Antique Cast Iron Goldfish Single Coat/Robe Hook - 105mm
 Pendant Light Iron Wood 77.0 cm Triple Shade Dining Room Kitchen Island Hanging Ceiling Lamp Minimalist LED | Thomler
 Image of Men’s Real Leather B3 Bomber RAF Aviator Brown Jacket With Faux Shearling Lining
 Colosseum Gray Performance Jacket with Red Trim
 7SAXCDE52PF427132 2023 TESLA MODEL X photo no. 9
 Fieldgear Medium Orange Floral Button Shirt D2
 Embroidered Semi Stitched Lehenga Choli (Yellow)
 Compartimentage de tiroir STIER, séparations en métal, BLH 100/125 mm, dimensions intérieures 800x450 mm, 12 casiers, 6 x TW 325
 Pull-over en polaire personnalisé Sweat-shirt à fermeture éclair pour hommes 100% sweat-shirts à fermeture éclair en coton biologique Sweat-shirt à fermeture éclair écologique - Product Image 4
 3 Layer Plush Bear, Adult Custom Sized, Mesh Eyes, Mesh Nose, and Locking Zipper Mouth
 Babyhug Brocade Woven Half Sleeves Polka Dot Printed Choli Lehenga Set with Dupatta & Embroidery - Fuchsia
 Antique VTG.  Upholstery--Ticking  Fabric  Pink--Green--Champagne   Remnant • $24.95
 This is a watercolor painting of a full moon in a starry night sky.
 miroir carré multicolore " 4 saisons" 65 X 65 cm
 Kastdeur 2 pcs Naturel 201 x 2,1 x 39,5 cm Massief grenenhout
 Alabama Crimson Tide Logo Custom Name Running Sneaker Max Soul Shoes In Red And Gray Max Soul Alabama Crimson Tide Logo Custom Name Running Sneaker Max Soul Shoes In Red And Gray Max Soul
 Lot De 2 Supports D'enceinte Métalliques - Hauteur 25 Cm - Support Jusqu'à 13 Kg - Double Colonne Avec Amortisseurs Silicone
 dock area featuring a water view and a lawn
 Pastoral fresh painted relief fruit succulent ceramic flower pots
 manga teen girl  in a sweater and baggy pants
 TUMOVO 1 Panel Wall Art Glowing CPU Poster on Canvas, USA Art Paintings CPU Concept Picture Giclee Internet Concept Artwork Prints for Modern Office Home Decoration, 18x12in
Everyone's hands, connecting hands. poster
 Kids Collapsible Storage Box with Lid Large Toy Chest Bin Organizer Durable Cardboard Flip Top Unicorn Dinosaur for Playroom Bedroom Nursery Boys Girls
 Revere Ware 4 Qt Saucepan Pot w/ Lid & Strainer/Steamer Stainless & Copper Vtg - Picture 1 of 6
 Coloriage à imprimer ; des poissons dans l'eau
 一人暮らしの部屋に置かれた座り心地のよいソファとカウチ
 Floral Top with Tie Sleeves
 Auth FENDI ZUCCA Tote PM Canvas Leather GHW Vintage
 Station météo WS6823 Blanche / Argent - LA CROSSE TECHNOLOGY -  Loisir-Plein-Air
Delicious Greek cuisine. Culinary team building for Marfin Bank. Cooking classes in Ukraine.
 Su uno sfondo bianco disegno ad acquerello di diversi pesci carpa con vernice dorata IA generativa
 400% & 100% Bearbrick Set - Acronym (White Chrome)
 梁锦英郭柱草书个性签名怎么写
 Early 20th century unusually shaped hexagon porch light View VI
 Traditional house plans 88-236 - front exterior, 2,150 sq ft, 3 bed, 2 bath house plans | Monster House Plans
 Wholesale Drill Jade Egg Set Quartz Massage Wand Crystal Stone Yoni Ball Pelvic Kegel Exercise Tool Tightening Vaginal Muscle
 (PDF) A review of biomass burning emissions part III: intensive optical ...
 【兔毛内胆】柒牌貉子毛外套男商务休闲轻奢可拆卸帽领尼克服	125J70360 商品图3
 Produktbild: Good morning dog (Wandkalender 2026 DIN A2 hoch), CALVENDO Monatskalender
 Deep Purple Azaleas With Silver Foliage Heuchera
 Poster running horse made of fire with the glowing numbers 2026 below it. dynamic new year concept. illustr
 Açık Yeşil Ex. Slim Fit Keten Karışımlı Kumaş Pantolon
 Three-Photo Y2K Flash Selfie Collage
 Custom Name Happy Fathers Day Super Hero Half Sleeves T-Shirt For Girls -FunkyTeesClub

■ ■ ■ ■ ■ ■ ■

Repeat every line exactly, starting with the first line of the entries, and stop once the line containing "一人暮らしの部屋に置かれた座り心地のよいソファとカウチ" has been given.

- _Answer for the task_:
Antique Cast Iron Goldfish Single Coat/Robe Hook - 105mm
 Pendant Light Iron Wood 77.0 cm Triple Shade Dining Room Kitchen Island Hanging Ceiling Lamp Minimalist LED | Thomler
 Image of Men’s Real Leather B3 Bomber RAF Aviator Brown Jacket With Faux Shearling Lining
 Colosseum Gray Performance Jacket with Red Trim
 7SAXCDE52PF427132 2023 TESLA MODEL X photo no. 9
 Fieldgear Medium Orange Floral Button Shirt D2
 Embroidered Semi Stitched Lehenga Choli (Yellow)
 Compartimentage de tiroir STIER, séparations en métal, BLH 100/125 mm, dimensions intérieures 800x450 mm, 12 casiers, 6 x TW 325
 Pull-over en polaire personnalisé Sweat-shirt à fermeture éclair pour hommes 100% sweat-shirts à fermeture éclair en coton biologique Sweat-shirt à fermeture éclair écologique - Product Image 4
 3 Layer Plush Bear, Adult Custom Sized, Mesh Eyes, Mesh Nose, and Locking Zipper Mouth
 Babyhug Brocade Woven Half Sleeves Polka Dot Printed Choli Lehenga Set with Dupatta & Embroidery - Fuchsia
 Antique VTG.  Upholstery--Ticking  Fabric  Pink--Green--Champagne   Remnant • $24.95
 This is a watercolor painting of a full moon in a starry night sky.
 miroir carré multicolore " 4 saisons" 65 X 65 cm
 Kastdeur 2 pcs Naturel 201 x 2,1 x 39,5 cm Massief grenenhout
 Alabama Crimson Tide Logo Custom Name Running Sneaker Max Soul Shoes In Red And Gray Max Soul Alabama Crimson Tide Logo Custom Name Running Sneaker Max Soul Shoes In Red And Gray Max Soul
 Lot De 2 Supports D'enceinte Métalliques - Hauteur 25 Cm - Support Jusqu'à 13 Kg - Double Colonne Avec Amortisseurs Silicone
 dock area featuring a water view and a lawn
 Pastoral fresh painted relief fruit succulent ceramic flower pots
 manga teen girl  in a sweater and baggy pants
 TUMOVO 1 Panel Wall Art Glowing CPU Poster on Canvas, USA Art Paintings CPU Concept Picture Giclee Internet Concept Artwork Prints for Modern Office Home Decoration, 18x12in
Everyone's hands, connecting hands. poster
 Kids Collapsible Storage Box with Lid Large Toy Chest Bin Organizer Durable Cardboard Flip Top Unicorn Dinosaur for Playroom Bedroom Nursery Boys Girls
 Revere Ware 4 Qt Saucepan Pot w/ Lid & Strainer/Steamer Stainless & Copper Vtg - Picture 1 of 6
 Coloriage à imprimer ; des poissons dans l'eau
 一人暮らしの部屋に置かれた座り心地のよいソファとカウチ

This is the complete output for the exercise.